:: RECORDS TO USE ::
== Segment start ==

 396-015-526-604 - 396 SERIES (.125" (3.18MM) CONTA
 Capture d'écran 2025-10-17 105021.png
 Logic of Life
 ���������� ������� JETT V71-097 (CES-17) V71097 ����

== Segment end ==
== Segment start ==

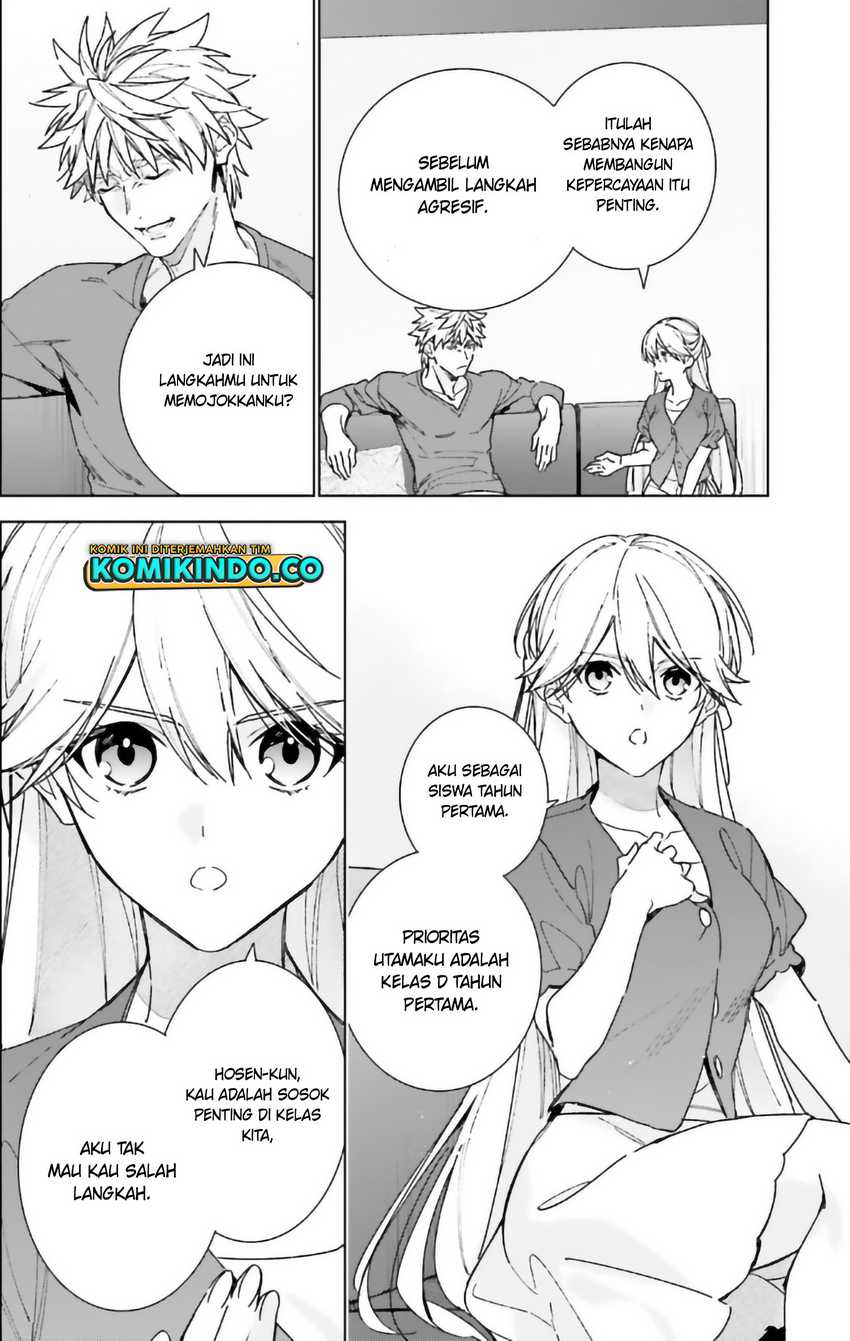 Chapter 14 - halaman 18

== Segment end ==
== Segment start ==

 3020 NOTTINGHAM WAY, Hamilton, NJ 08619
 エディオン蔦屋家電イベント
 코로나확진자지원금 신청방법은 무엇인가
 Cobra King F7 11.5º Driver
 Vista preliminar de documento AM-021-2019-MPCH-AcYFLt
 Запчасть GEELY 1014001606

== Segment end ==

:: TASK ITEM ::
From the data above, return every line from the line that has "396-015-526-604 - 396" up to and including the line that has "(CES-17) V71097 ����", exactly.

:: OUTPUT FOR THIS TASK ::
 396-015-526-604 - 396 SERIES (.125" (3.18MM) CONTA
 Capture d'écran 2025-10-17 105021.png
 Logic of Life
 ���������� ������� JETT V71-097 (CES-17) V71097 ����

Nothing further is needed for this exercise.